Il résulte de ce qui précède, sans qu’il soit besoin d’examiner les autres moyens de la requête, que la décision du 27 mars 2025 par laquelle le préfet de police de Paris a rejeté la demande de regroupement familial de M. C… doit être annulée.
Sur les conclusions à fin d’injonction sous astreinte :
L’exécution du présent jugement, compte tenu du motif de l’annulation qu’il prononce, implique, sous réserve d’un changement de situation de fait ou de droit du requérant, que le préfet de police délivre à M. C… une autorisation de regroupement familial au bénéfice de ses deux aînés. Il y a lieu, par suite, d’enjoindre au préfet de police, ou à tout autre préfet territorialement compétent, d’y procéder dans le délai de trois mois à compter de la notification du présent jugement. Il n’y a pas lieu, en revanche, dans les circonstances de l’espèce, d’assortir cette injonction d’une astreinte.
Sur les frais liés au litige :
M. C… a obtenu le bénéfice de l’aide juridictionnelle totale. Par suite, son conseil peut se prévaloir des dispositions des articles L. 761-1 du code de justice administrative et 37 de la loi du 10 juillet 1991 précitée. Il y a lieu, dans les circonstances de l’espèce, et sous réserve que Me Keufak Tamez, conseil de M. C…, renonce à percevoir la somme correspondant à la part contributive de l’État, de mettre à la charge de l’État le versement à Me Keufak Tamez de la somme de 1 000 euros.
D E C I D E :
Article 1er : Il n’y a plus lieu de statuer sur la demande de M. C… d’être admis, à titre provisoire, au bénéfice de l’aide juridictionnelle.
Article 2 : L’arrêté du 27 mars 2025 par lequel le préfet de police de Paris a rejeté la demande de regroupement familial de M. C… au bénéfice de ses enfants D… et B… C… est annulé.
Article 3 : Il est enjoint au préfet de police de Paris, ou à tout autre préfet territorialement compétent, de délivrer à M. C… une autorisation de regroupement familial au bénéfice de ses deux aînés dans le délai de trois mois à compter de la notification du présent jugement.
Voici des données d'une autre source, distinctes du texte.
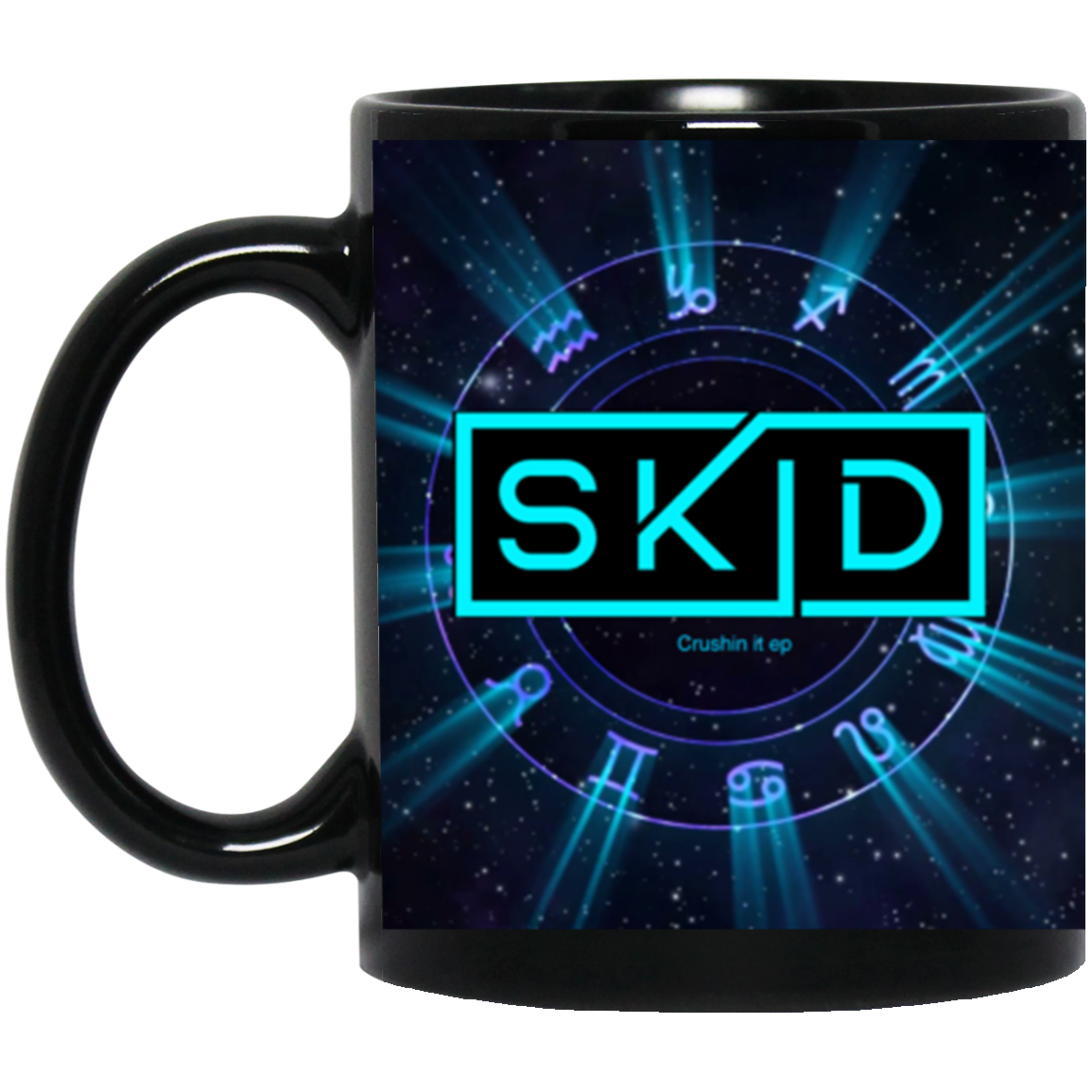 Crushin it 11 oz. Black Mug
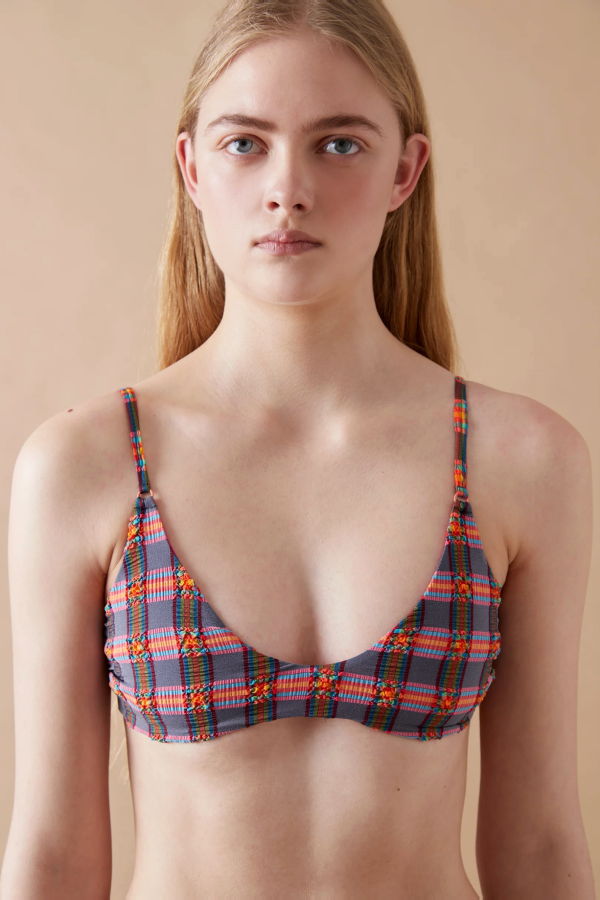 Caro Luna Belen Adjustable Bikini Top - Rainbow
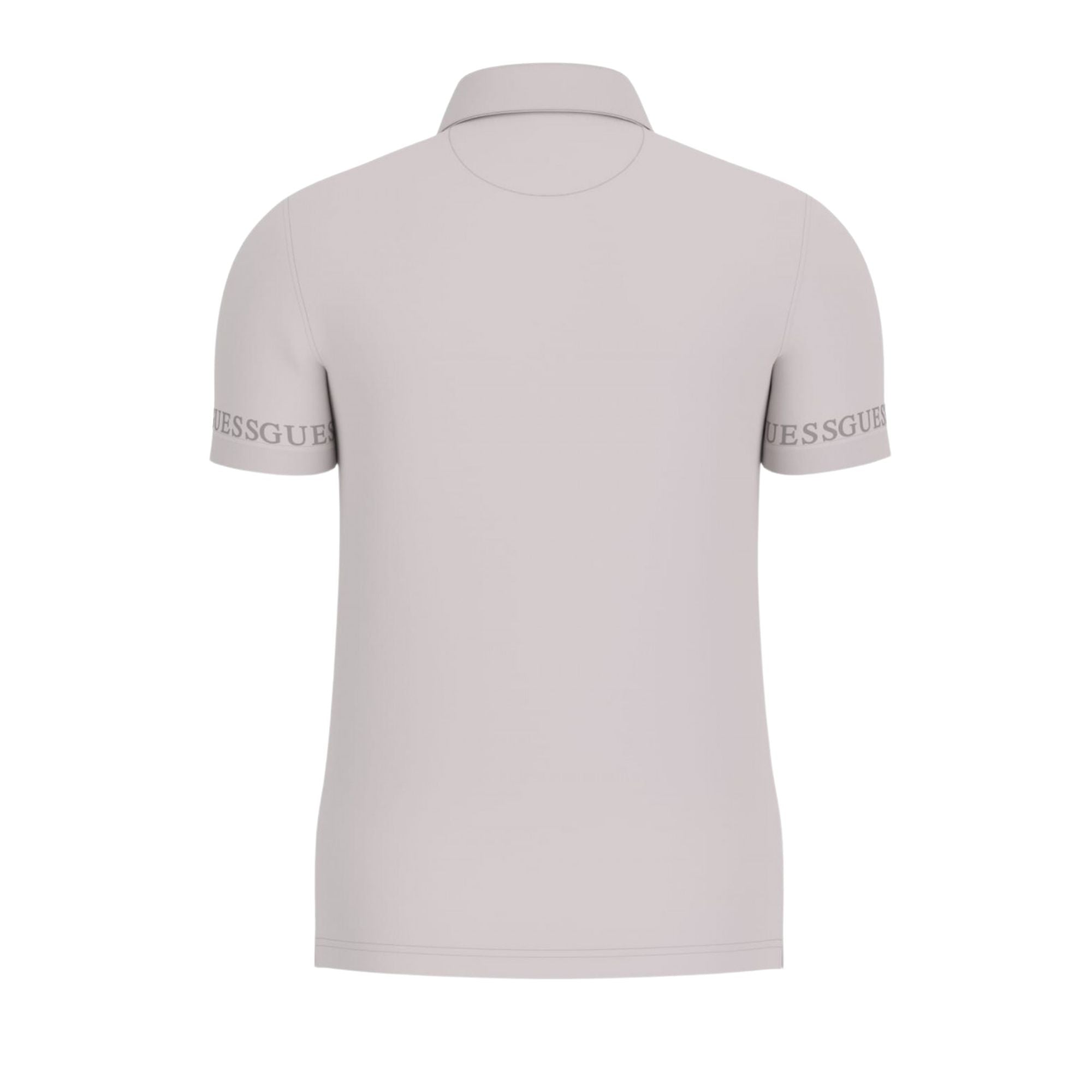 Guess Polo Uomo con maniche corte logate Grigio retro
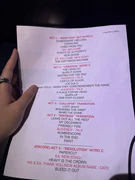 Setlist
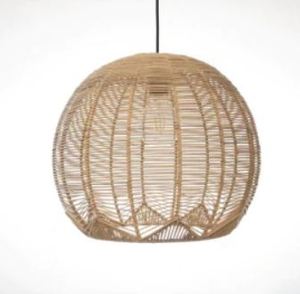 Hot selling rattan hanging <b>ball</b> shape lamp shades lighting rope decorative customize hanging pendant lamp handmade chandelier - Product Image 3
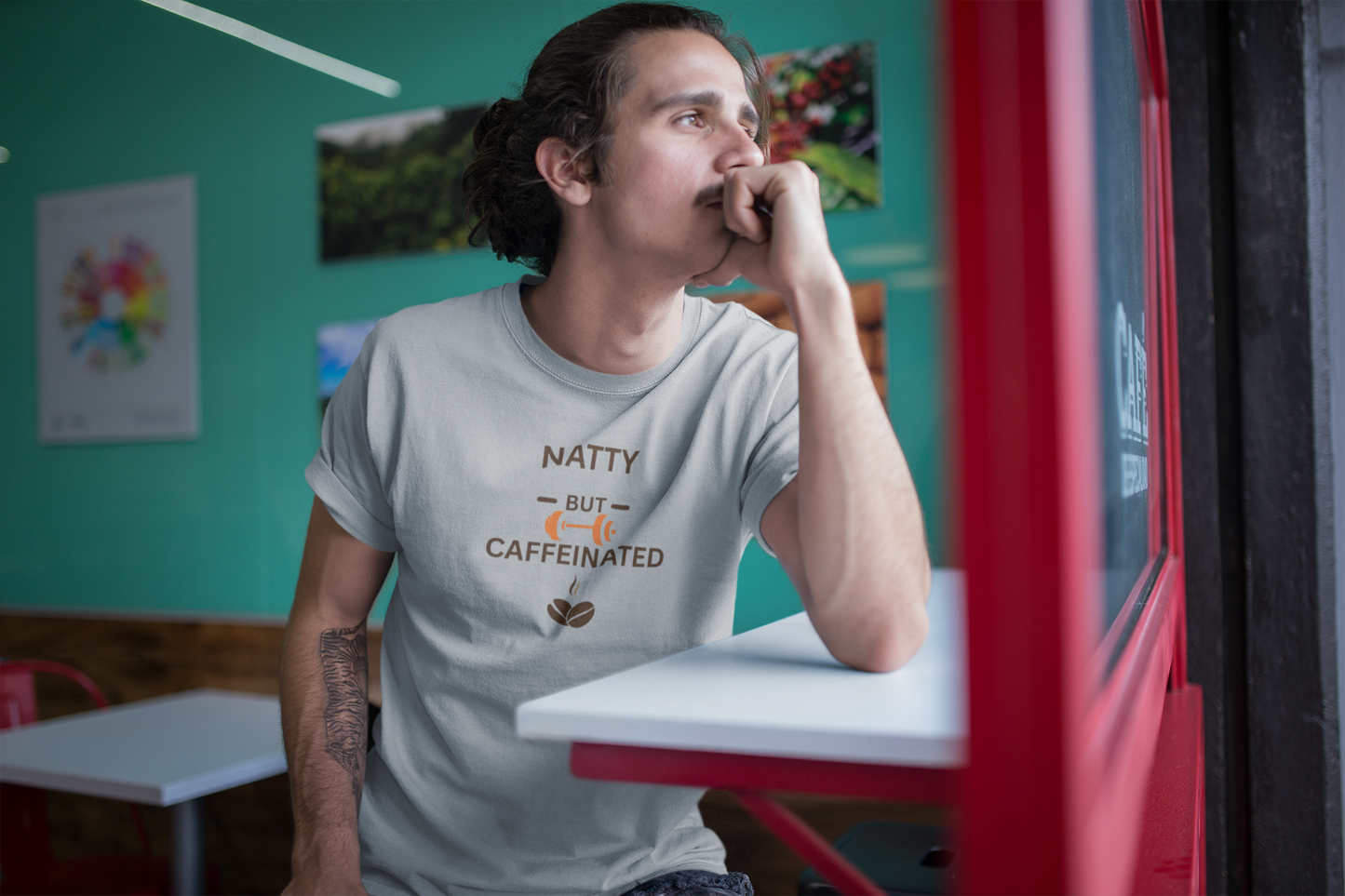 Natty But Caffeinated T-Shirt | Unisex Fitness & Coffee Lover's Tee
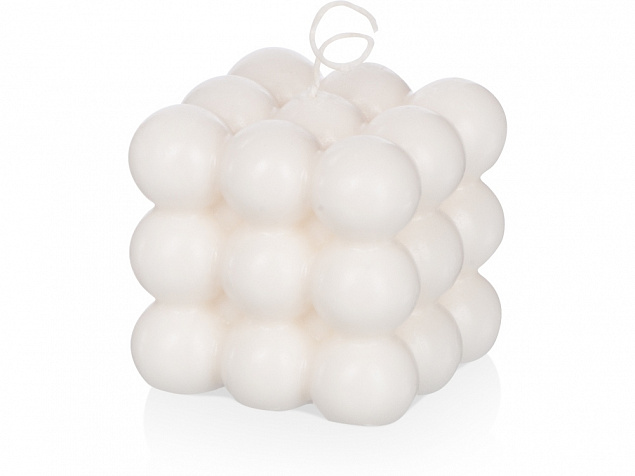 Свеча «Bubbles», без отдушки с логотипом  заказать по выгодной цене в кибермаркете AvroraStore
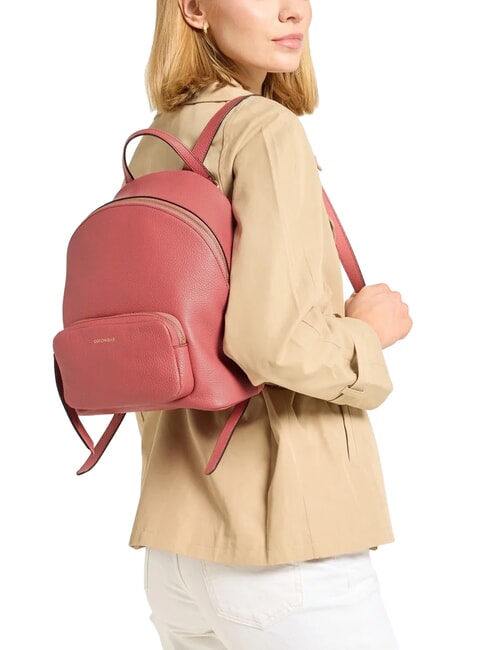 JEN Rucksack aus geh&auml;mmertem Leder Topf - Damentaschen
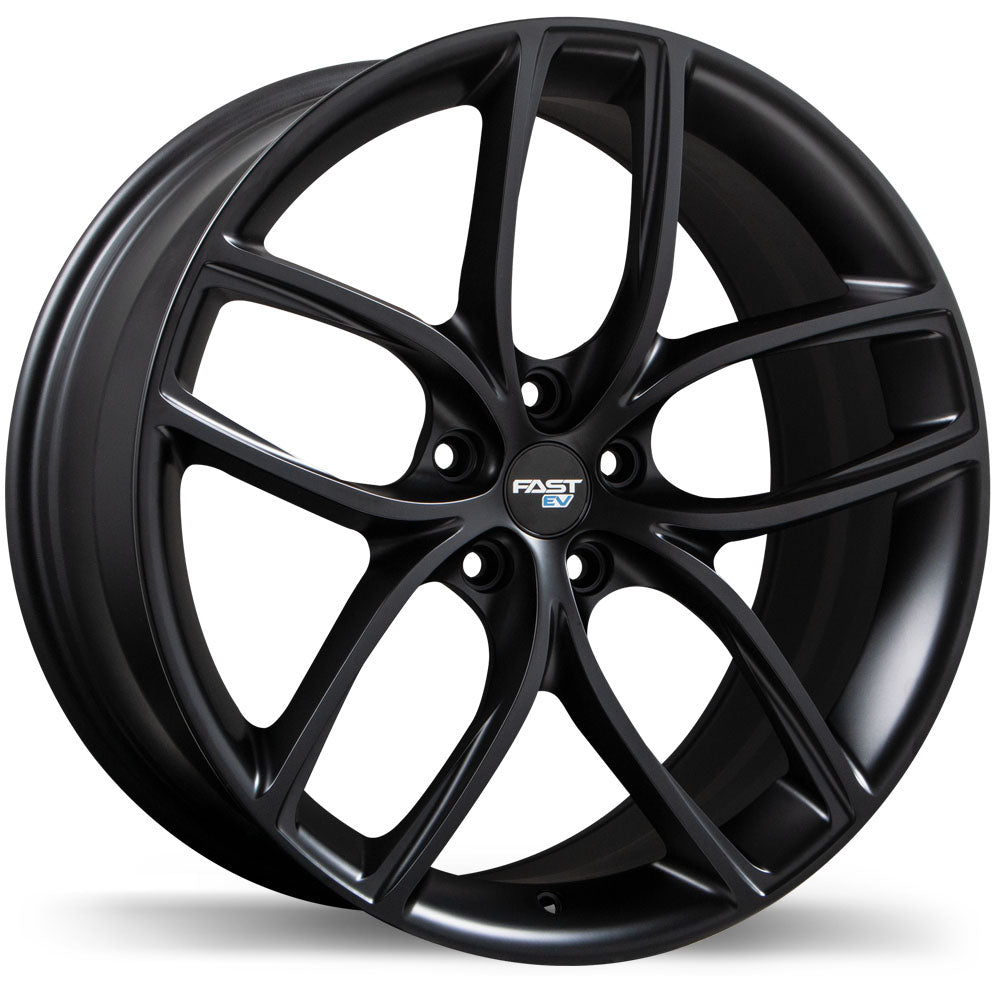 FastEV EV04 Forged Alloy Wheel (Satin Black) — 19", 20"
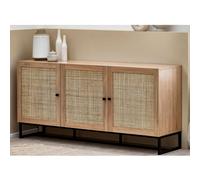 pabla wooden sideboard with 3 doors in oak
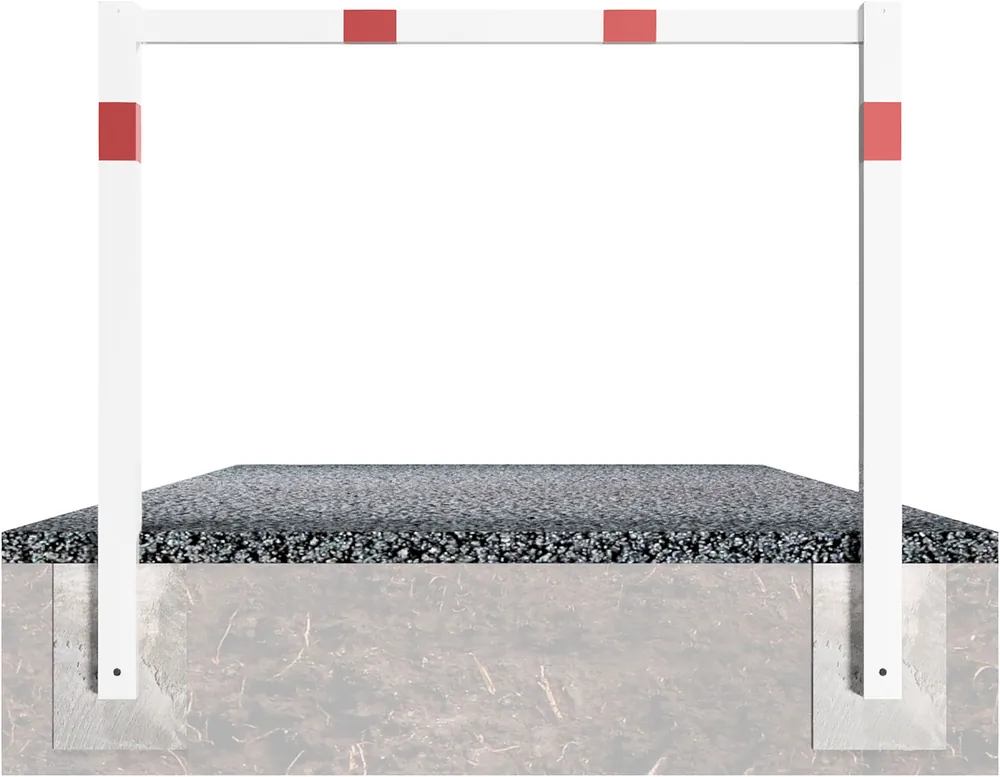 Sonderangebot Wegesperre 70 x 70 mm, ortsfest, schraubbar, weiß, mit Oberholm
Article 4 : L’État versera à Me Keufak Tamez, conseil de M. C…, la somme de 1 000 euros sur le fondement des dispositions des articles L. 761-1 du code de justice administrative et 37 de la loi du 10 juillet 1991
Article 5 : Le présent jugement sera notifié à M. A… C…, à Me Keufak Tamez et au préfet de police de Paris.
Délibéré après l’audience du 1er octobre 2025, à laquelle siégeaient :
M. Truilhé, président,
Mme Monteagle, première conseillère,
Mme Ostyn, conseillère.
Rendu public par mise à disposition au greffe le 15 octobre 2025.
La rapporteure,
Signé
M. MonteagleLe président,
Signé
J.-C. Truilhé
La greffière,
Signé
S. Rubiralta
La République mande et ordonne au préfet de police de Paris ou au préfet territorialement compétent en ce qui le concerne ou à tous commissaires de justice à ce requis en ce qui concerne les voies de droit commun contre les parties privées, de pourvoir à l’exécution de la présente décision.